Required work. Repeat the data below in full. Pictures must not be part of the copy.

Raw data.
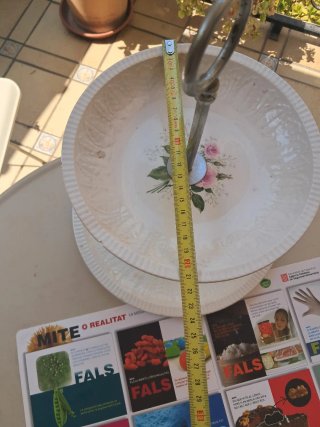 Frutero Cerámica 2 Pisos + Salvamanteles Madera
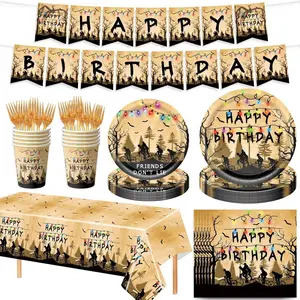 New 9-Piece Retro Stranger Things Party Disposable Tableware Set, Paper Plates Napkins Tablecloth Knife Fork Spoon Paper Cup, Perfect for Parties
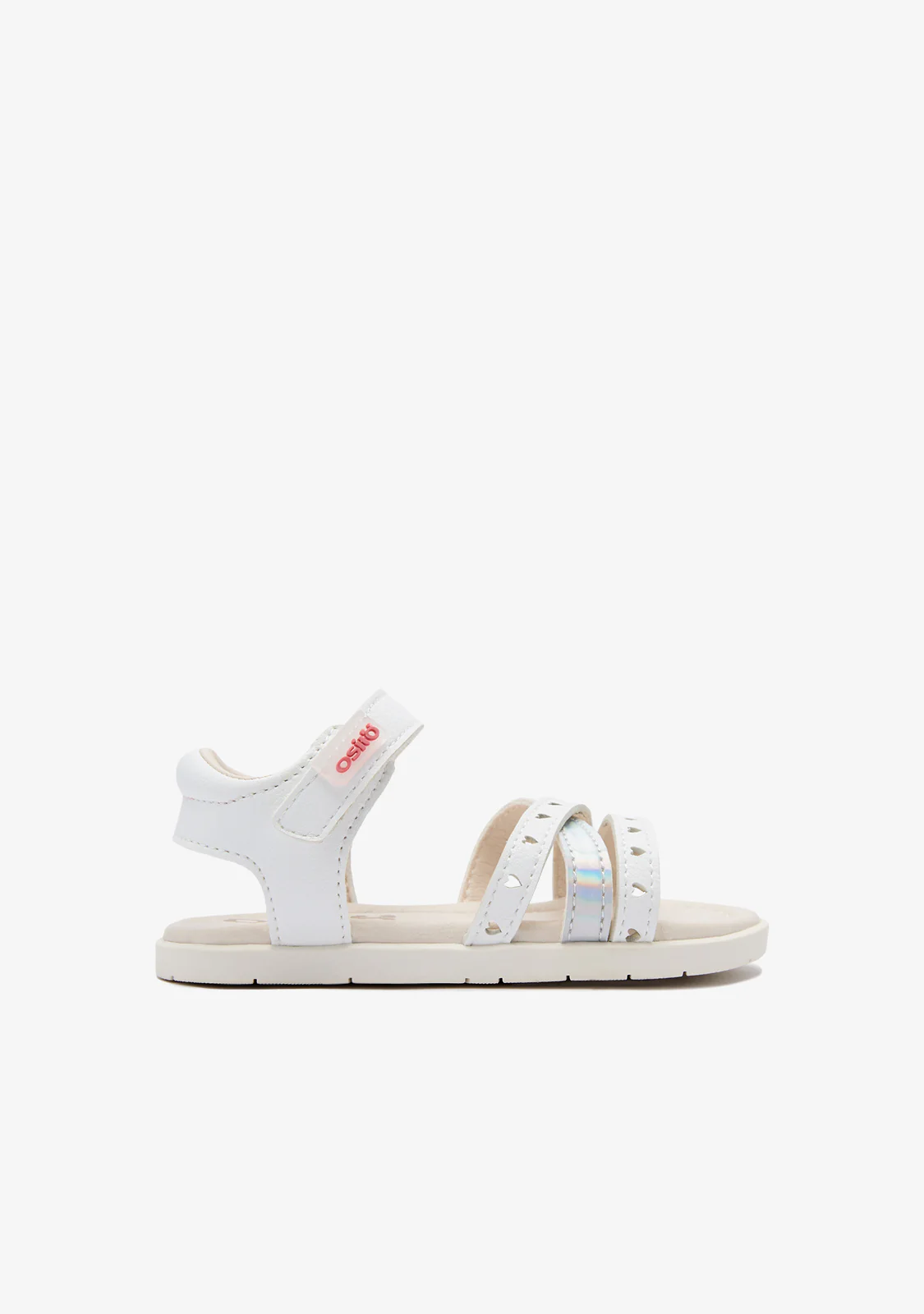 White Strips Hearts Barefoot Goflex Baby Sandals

Result for this exercise.
 Frutero Cerámica 2 Pisos + Salvamanteles Madera
 New 9-Piece Retro Stranger Things Party Disposable Tableware Set, Paper Plates Napkins Tablecloth Knife Fork Spoon Paper Cup, Perfect for Parties
 White Strips Hearts Barefoot Goflex Baby Sandals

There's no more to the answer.